MUMBAI, Feb 23 (Reuters) - Risks to India's growth are higher than the risk of further inflation as major drivers of price increases are dissipating, justifying a pause in further rate hikes, Jayant Varma, an external member of the country's monetary policy panel said on Thursday.
The Reserve Bank of India has raised rates by a total of 250 basis points since May last year as it tackles stubbornly high prices.
Those rate hikes would work their way through the economy and choke demand, Varma, who along with a second external member Ashima Goyal voted against the latest quarter-point increase earlier this month, told Reuters in an interview on Thursday.
"Just the fact that we see big numbers (on inflation) in January and February ... doesn't mean that we ought to tighten now," he said.

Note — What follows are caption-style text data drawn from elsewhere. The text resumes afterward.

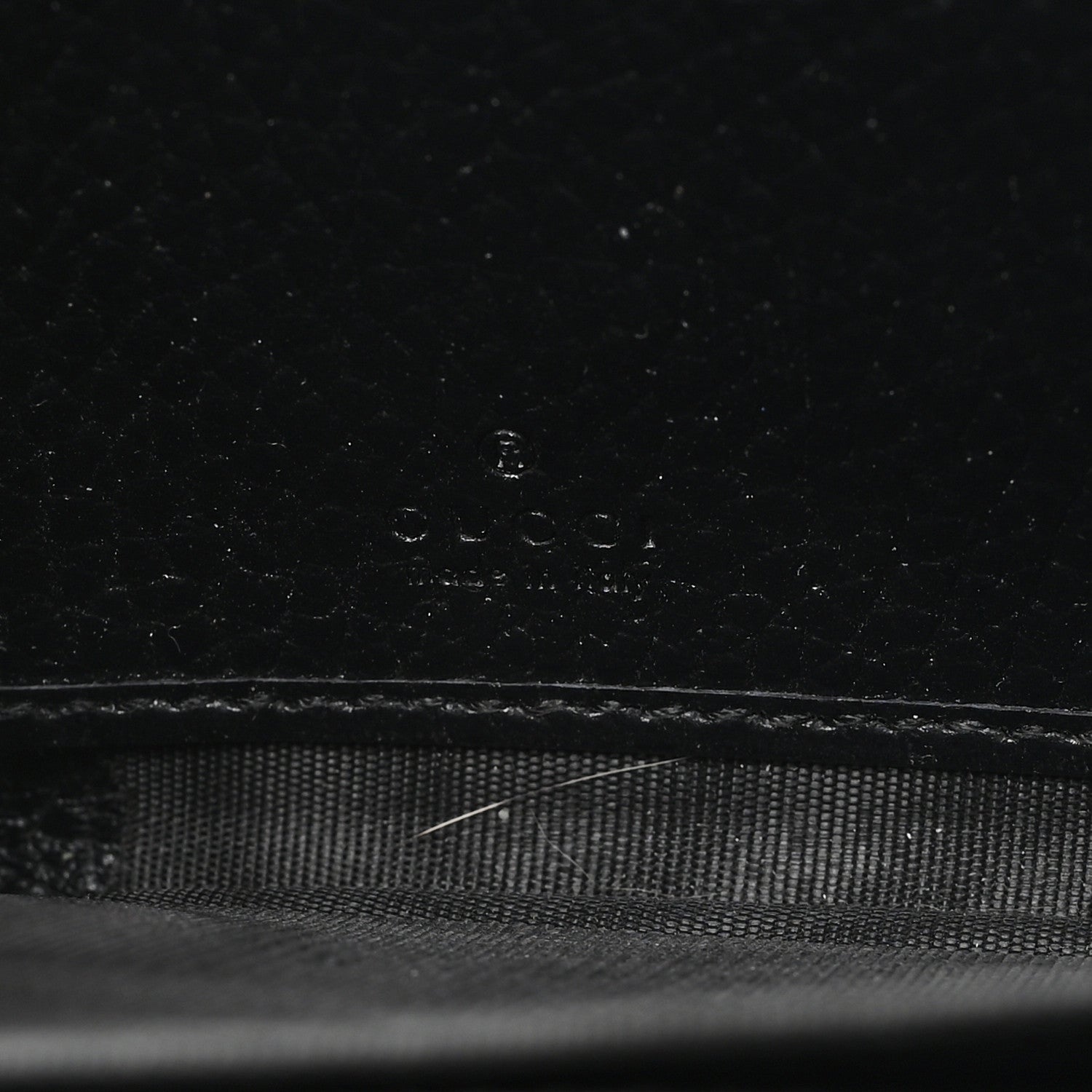Gucci Dollar Calfskin GG Marmont Zip Around Wallet Black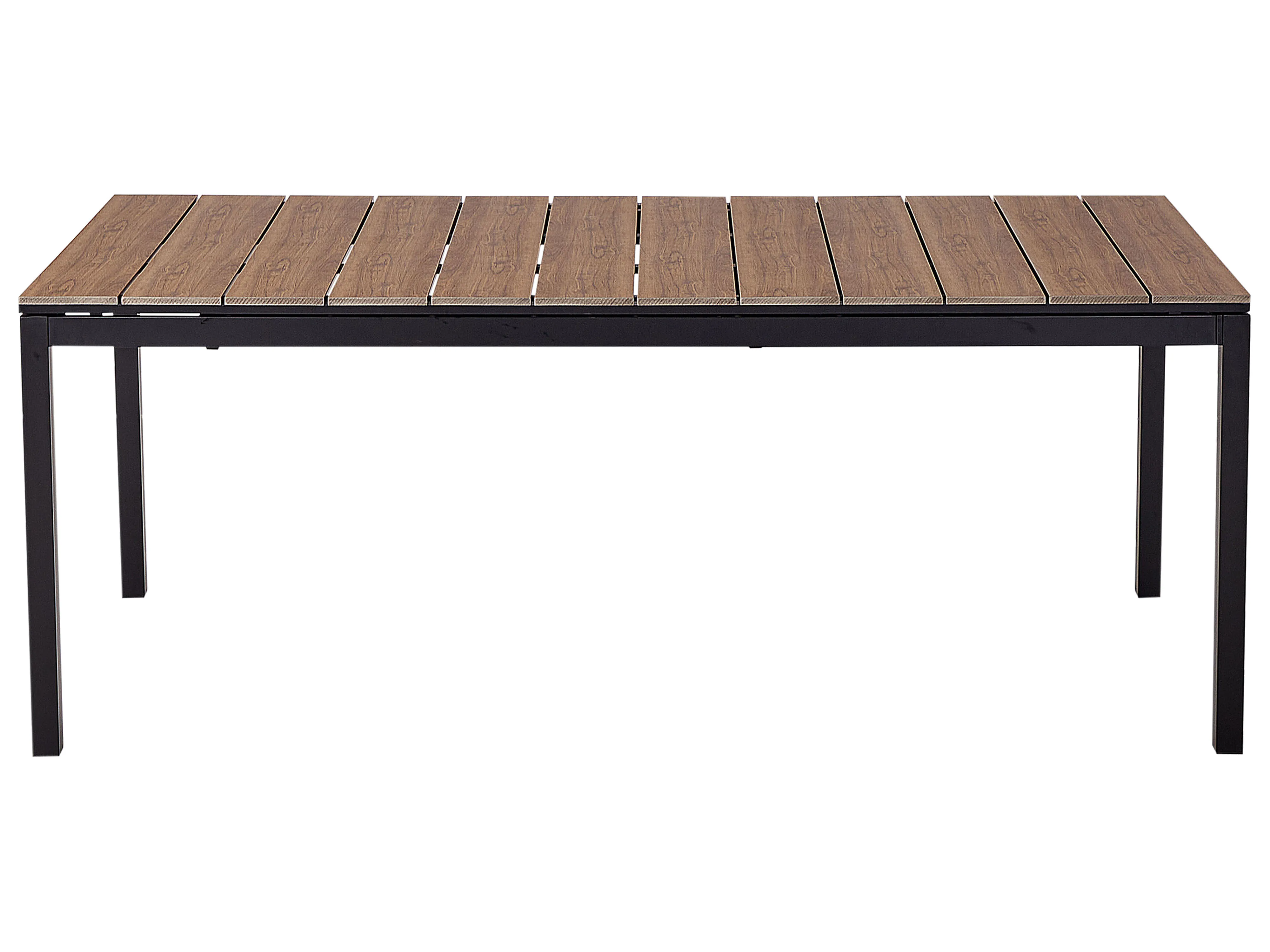 Uitschuifbare tuintafel TOFANE 198/248 cm 90 cm Bruin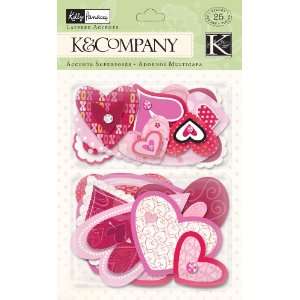  K&Company Kelly Panacci Valentine Hearts Layered Accents 
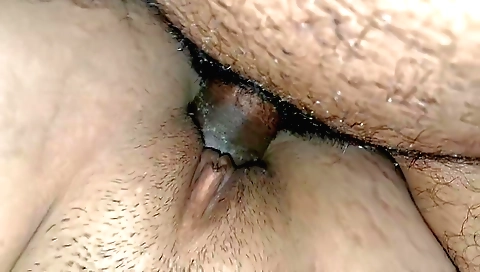 Indian girl with a nice face and sexy hair getting fucked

Varma said government spending support to the economy was going to reduce in the next fiscal year as New Delhi announced a significant reduction in the fiscal deficit in its budget on Feb. 1.
Exports have been ticking down as well, he added.
Private capital expenditure was unlikely to pick up in the absence of strong demand, and though private consumption in the country seemed to be holding up, it was being driven by the top 5%-10% of the population, Varma said.
"I always think of the economy as an aircraft flying on four engines. All four engines are revving down, so what is going to happen to growth?"
The professor of finance and accounting said monetary policy globally had become complacent about inflation initially, before switching gears.
"I sometimes describe it as monetary policy driven by a guilt complex - that we goofed up a year ago, so we should not make the same mistake, but it is okay to make the opposite mistake."
The Fed delivered a string of 75-basis-point and 50-basis point rate hikes in 2022, raising the key rate by a total 450 bps, in its battle to curb inflation that had climbed to 40-year highs.
India's monetary policy panel failed in its mandate to keep inflation within the 2%-6% band, with it breaching the upper tolerance limit for three consecutive quarters to September 2022.
Latest reading for January showed annual retail inflation rose to 6.52%, yet again rising above the central bank's upper threshold for the first time in three months and raising concerns around at least one more rate hike.
"I'm not saying that we will never raise rates. I am saying we should wait and see what is the impact of what we have already done. And if we find that that's not enough, raise rates at that point".
"I think 2022/2023 is going to be very bad for inflation, there is no doubt about it. But what I see is that the major drivers for that have dissipated."
In particular, lower crude prices will eventually filter through to retail prices, helping pull down inflation, Varma said.
"We know there is a gift packed and ready, it is a question of when it will come."